In the face of vocal opposition, City of Newton officials are removing a short-lived bike lane that was recently painted on Washington Street between West Newton and Newtonville, but the city's safe streets advocates are hoping that a better, more protected version could be installed next year, when the city is expected to pilot a road diet on the same street.
Washington Street spans the entire city of Newton, from the Lower Falls on the Charles River to Oak Square in Boston. In its central section, it runs on an embankment above the Worcester commuter rail tracks and the Massachusetts Turnpike, connecting the village commercial districts of West Newton, Newtonville, and Newton Corner.
Despite the fact that it serves as the most direct walking route between those centers, long stretches of Washington Street lack sidewalks along its southern curb. And though it's unusually wide, Washington's current layout (four car lanes plus two curbside lanes for on-street parking) lacks any dedicated space for bikes.
Late last year, Newton adopted a new vision plan for the Washington Street corridor, which suggested using "the great width of this street to reconfigure it into a boulevard with a strong emphasis on trees and landscaping."
The city had set aside $400,000 to advance early design work on that reconfiguration; however, earlier this year, the city repurposed those funds to repave the street in its current configuration instead.
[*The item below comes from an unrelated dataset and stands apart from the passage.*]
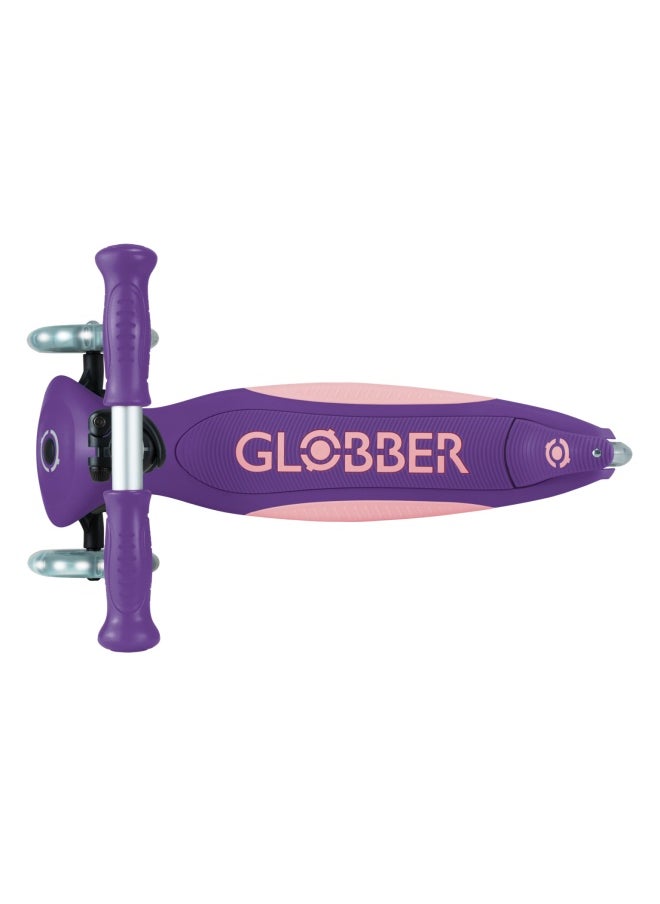 Globber Primo Foldable Plus Lights 3-wheel Kick Scooter Purple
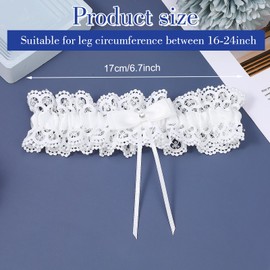 PEOVLVN Wedding Garter for Bride, White Garter Elastic Lace Garter Bridal Garter for Women Girls Wedding Accessories Valentines Day Gifts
As a small consolation prize for safe streets advocates, the city's Department of Public Works replaced one of the street's parking lanes with a single painted bike lane along the highway embankment (there remained no bike lane in the opposite direction).
The paint was barely dry before the city announced that the new bike lane would be removed, and parking would be allowed once again.
An email newsletter from Bike Newton last week explained that "there was vocal opposition to the removal of parking without any public process and the City has decided to scrap this bike lane trial... While this bike lane was an improvement over what existed previously, it was of limited utility since it only went in one direction. We are hopeful that a trial of a lane reduction and parking protected bike lanes on Washington Street can move forward in the spring."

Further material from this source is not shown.